Während die Bundesregierung in der Zahl der Aufstocker bisher kein Problem sieht, übte die Opposition Kritik. „Es ist nicht hinnehmbar, dass manche Arbeitgeber schon bei Einstellungsgesprächen auf die Möglichkeit des Aufstockens verweisen“, sagte die arbeitsmarktpolitische Sprecherin der Linksfraktion, Sabine Zimmermann, zur taz. Die Partei fordert einen Mindestlohn von 10 Euro.

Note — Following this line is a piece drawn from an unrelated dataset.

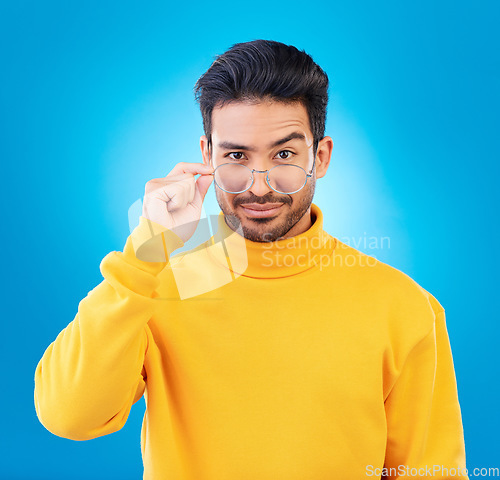 Image of Cool, fashion and portrait of a man with glasses, confidence and winter aesthetic. Sexy style, trendy and a fancy Asian model with fashionable eyewear isolated on a blue background in a studio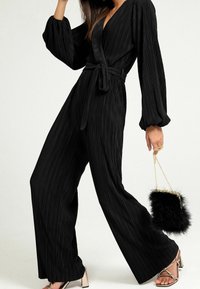Zwarte geplooide jumpsuit met lange mouwen, wikkelontwerp en tailleband. Gecombineerd met metallic hakken en een kleine zwarte nep-bont handtas.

„Das Problem wird seit Jahren größer und die Bundesregierung tut nichts“, so auch Anette Kramme, arbeitsmarktpolitische Sprecherin der SPD-Fraktion. Die Partei will, dass Teilzeitkräfte leichter ihre Arbeitszeit ausweiten können. Einen Gesetzentwurf dafür bringt sie am Donnerstag ins Parlament ein.